■ **Task instructions**
Please restate exactly what appears in the records below from the first line to the line where "blue, 1080P, iran, kish, sea, 3d" is, that line included.

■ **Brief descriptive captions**
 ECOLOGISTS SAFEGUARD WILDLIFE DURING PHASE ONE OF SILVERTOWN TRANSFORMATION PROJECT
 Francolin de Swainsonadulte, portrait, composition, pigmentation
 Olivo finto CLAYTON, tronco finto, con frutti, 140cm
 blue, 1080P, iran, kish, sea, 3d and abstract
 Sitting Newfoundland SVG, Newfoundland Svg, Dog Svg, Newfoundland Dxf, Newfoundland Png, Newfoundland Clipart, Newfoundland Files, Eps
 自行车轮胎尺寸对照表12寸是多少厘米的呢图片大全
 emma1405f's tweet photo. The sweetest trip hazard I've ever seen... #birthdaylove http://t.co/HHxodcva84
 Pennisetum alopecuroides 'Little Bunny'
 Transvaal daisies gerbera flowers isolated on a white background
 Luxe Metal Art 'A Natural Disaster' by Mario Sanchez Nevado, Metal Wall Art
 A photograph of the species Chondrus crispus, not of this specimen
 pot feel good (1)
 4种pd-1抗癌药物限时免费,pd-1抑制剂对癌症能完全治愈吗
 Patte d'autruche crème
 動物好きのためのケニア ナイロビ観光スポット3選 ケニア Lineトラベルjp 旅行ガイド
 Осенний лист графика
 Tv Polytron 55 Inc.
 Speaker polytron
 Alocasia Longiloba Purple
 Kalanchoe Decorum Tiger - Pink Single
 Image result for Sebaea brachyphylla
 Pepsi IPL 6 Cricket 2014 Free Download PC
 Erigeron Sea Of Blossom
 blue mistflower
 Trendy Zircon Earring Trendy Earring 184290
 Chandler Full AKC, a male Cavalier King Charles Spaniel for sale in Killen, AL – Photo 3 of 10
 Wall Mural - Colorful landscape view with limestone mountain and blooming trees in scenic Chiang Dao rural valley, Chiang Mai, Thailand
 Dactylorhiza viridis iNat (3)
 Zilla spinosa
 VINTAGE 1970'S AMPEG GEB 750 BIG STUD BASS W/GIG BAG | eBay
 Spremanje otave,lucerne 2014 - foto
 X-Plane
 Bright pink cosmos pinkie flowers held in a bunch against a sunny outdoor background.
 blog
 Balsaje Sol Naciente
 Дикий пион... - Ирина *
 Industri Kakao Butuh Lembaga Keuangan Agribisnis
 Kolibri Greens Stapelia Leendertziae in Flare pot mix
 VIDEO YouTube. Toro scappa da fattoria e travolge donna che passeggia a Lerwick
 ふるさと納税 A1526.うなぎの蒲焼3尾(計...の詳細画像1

■ **Solution to the exercise**
 ECOLOGISTS SAFEGUARD WILDLIFE DURING PHASE ONE OF SILVERTOWN TRANSFORMATION PROJECT
 Francolin de Swainsonadulte, portrait, composition, pigmentation
 Olivo finto CLAYTON, tronco finto, con frutti, 140cm
 blue, 1080P, iran, kish, sea, 3d and abstract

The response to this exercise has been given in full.